До конца 1930-х годов необходимость в создании системы даже не вполне осознавалась. В 1936 году Фриц Лейбер пишет повесть «Гамбит адепта» – первую из цикла о Фафхрде и Сером Мышелове; действие ее происходит в античном Средиземноморье. Сразу напечатать повесть не удалось, Лейбер ее перерабатывает, присоединяя к лавкрафтовским «мифам Ктулху», а три года спустя пишет новую историю о друзьях-приключенцах, действие которой отнесено во вполне самостоятельный фэнтезийный мир (а карта Невона будет составлена – не автором! – только в 1960-е годы). Очень типично для ранней фэнтези: антураж еще настолько произволен, что может быть столь же произвольно изменен. Да и само название Nehwon – Nowhen наоборот («Никогде») – свидетельствует о принадлежности раннего Лейбера к условно-сновидческой традиции.
«Властелин Колец» задал новую точку отсчета. Потому-то эпопея и была настолько необычна в момент появления, что она нарушала целый ряд привычных принципов и задавала новые. Отныне все, что происходит в фэнтезийном романе, неизбежно будет соотноситься с некой – пусть неявной, непрописанной, непродуманной, мнимой, – системой и основой. Закончилась карта – пририсуем Серые Горы… но карта должна быть, потому что мир целостен.
Стремление к непротиворечивости и целостности мира – жанровая тенденция, явная уже в 1930-е годы. Роберт Говард, создавший циклы о пиктах и Кулле из Атлантиды, а также первый из рассказов о Конане («Феникс на мече», 1932), объединил их, написав очерк «Гиборийская эра»: история мира от падения Атлантиды до прихода ариев стала для него планом и путеводителем, рамкой, вместившей сагу о киммерийском варваре.
Примечательно, что, решая почти ту же задачу, что и Толкин (летописание мифической праистории человечества), Говард пользовался почти теми же приемами. Реконструкция: история современных народов «почти всегда гораздо древнее, чем они сознают, – и простирается во мглу позабытой Гиборийской эры…» Средства реконструкции: создание новых этимологий. «Неистребимое стремление автора использовать те имена и названия, которые фигурировали ранее в истории и вызывают по этой причине определенные ассоциации» Г.Ф. Лавкрафт считал единственным недостатком рассказов Говарда [167] . Еще бы: Говард, в отличие от Толкина, был дилетантом в историческом языкознании.
167
Цит. по: Л. Спрэг де Камп. Невероятный варвар // Р. Говард. Тень ястреба. – СПб.: Северо-Запад, 1998. – С. 427-428.

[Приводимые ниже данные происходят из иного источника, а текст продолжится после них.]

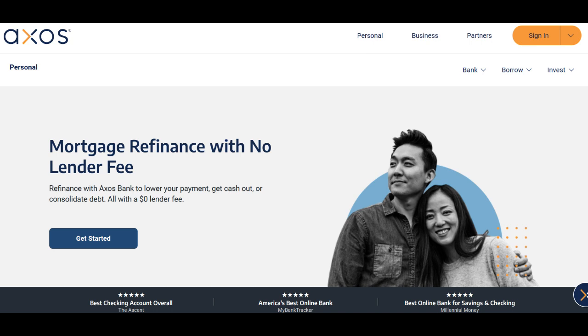Another potential downside is that AXO's bank savings account does not offer a physical checkbook. While this may not be a concern for most savers, those who require physical checks for specific transactions may find this limitation inconvenient.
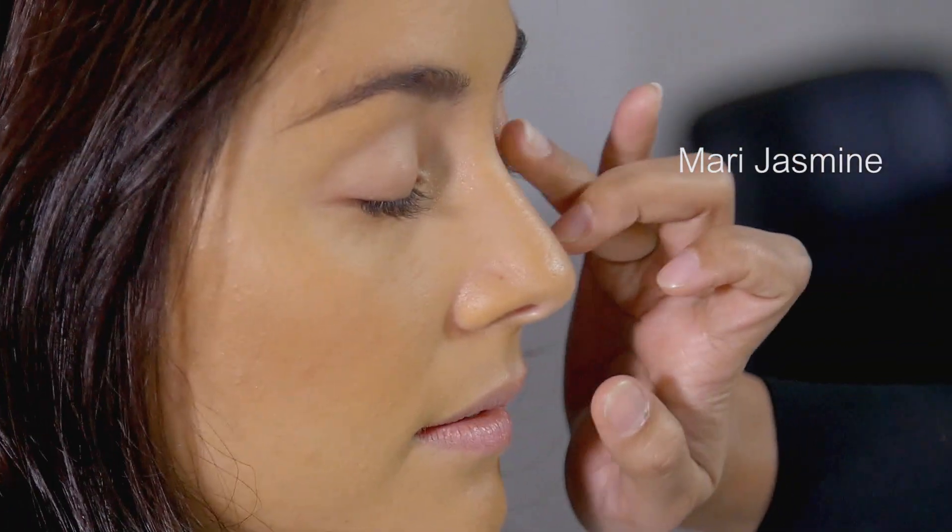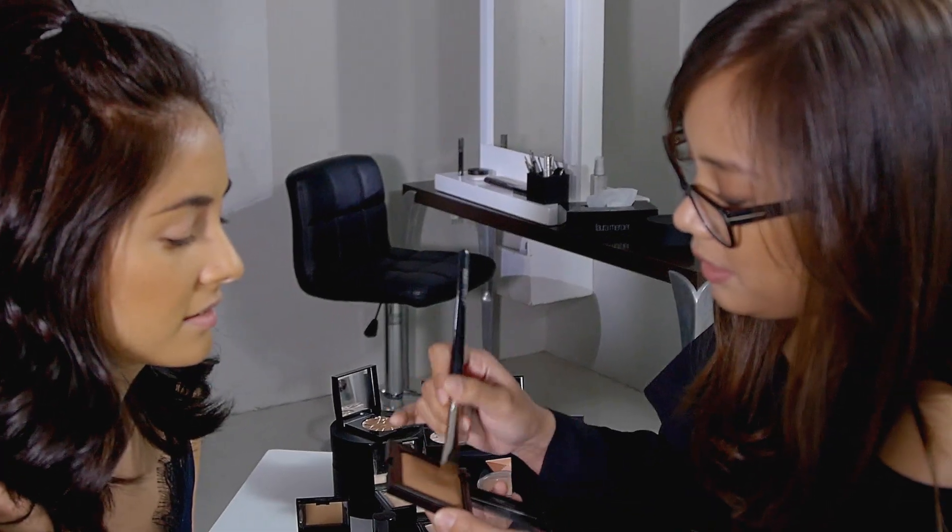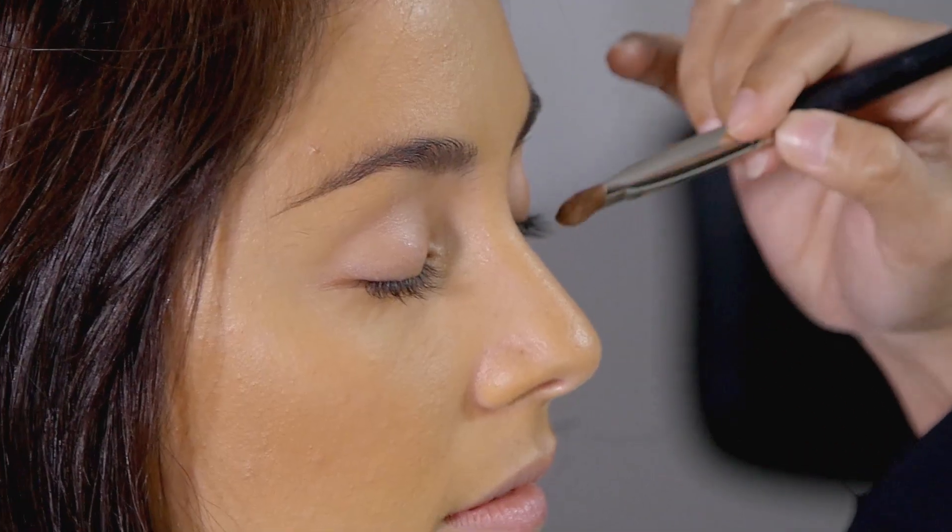Let's start with your eyes. You just dab it on with your finger. Actually, use a bronzer — the second to the darkest shade of the Candle Glow powder. I'm gonna put it on the base of the eyes.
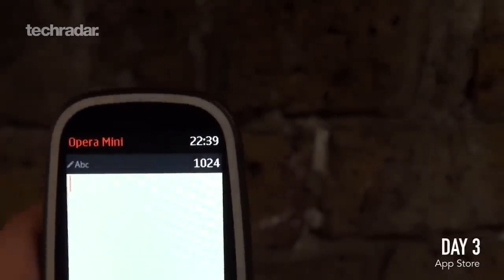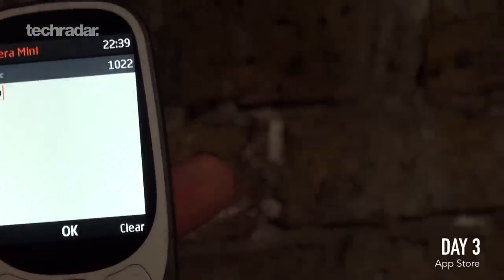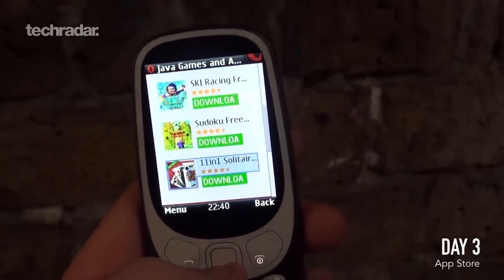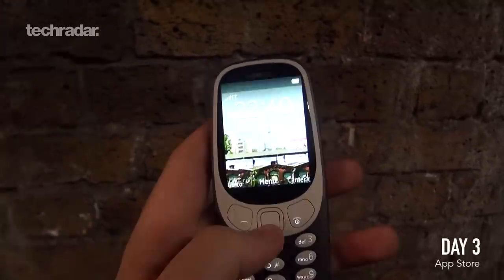Let me try a more generic search like 'maps' — again just games. The store does say Java games and apps but all we're really getting are games, which is a letdown when I need to get home at this time of night. I searched for Spotify too and got ski racing, Sudoku, and Solitaire — not exactly what I was looking for. You can get directions through the web browser but it's not as easy as having an app like CityMapper, which works so quickly in major cities like London.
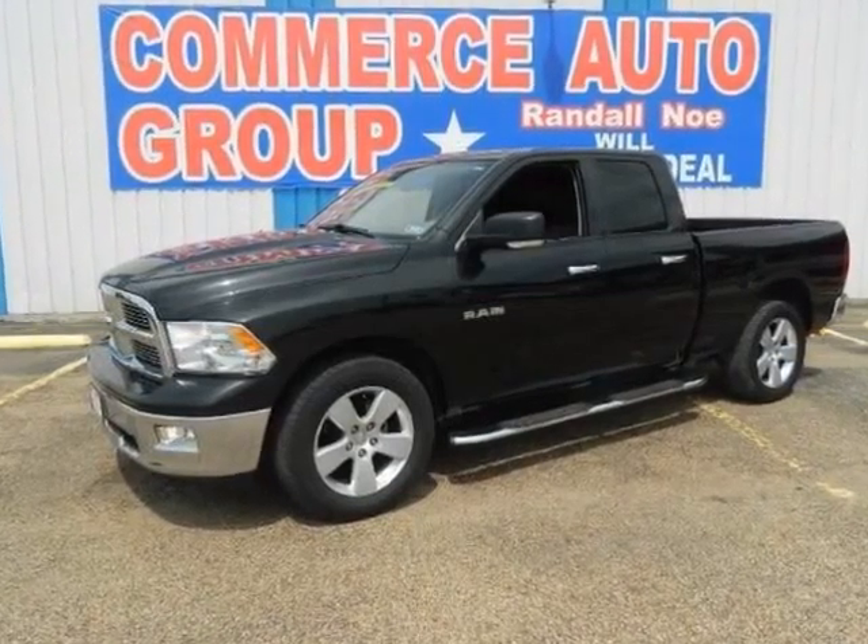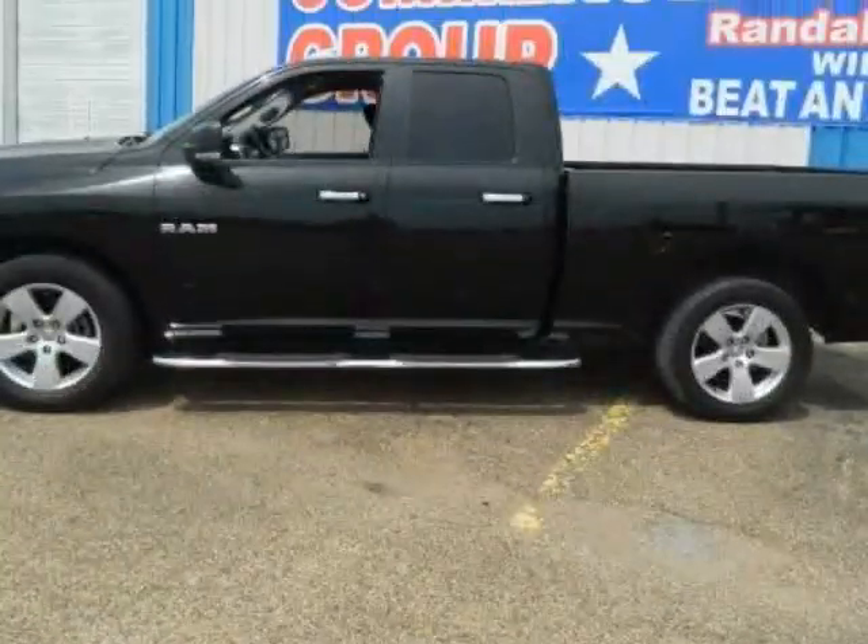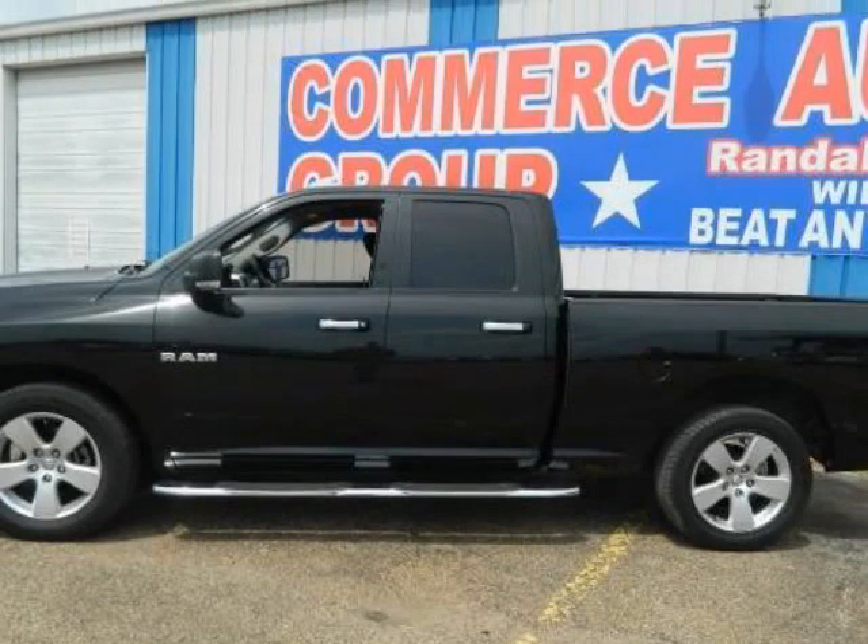We think you will love the Steeler certified pre-owned 2010 Dodge Ram 1500 two-wheel drive quad cab 6.3 feet box SLT, which has 67,150 miles.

Еще один любопытный момент: в том же письме Лавкрафт отмечает, что Говард использовал приемы, «в свое время примененные
168
Там же. – С.427.
169
Словосочетание «science fantasy» функционирует по крайней мере с 1930-х годов как размытое обозначение: оно может быть и синонимом НФ, может означать смешение НФ с чистой фантазией и даже, как мы видим, – «фэнтези» в современном смысле слова.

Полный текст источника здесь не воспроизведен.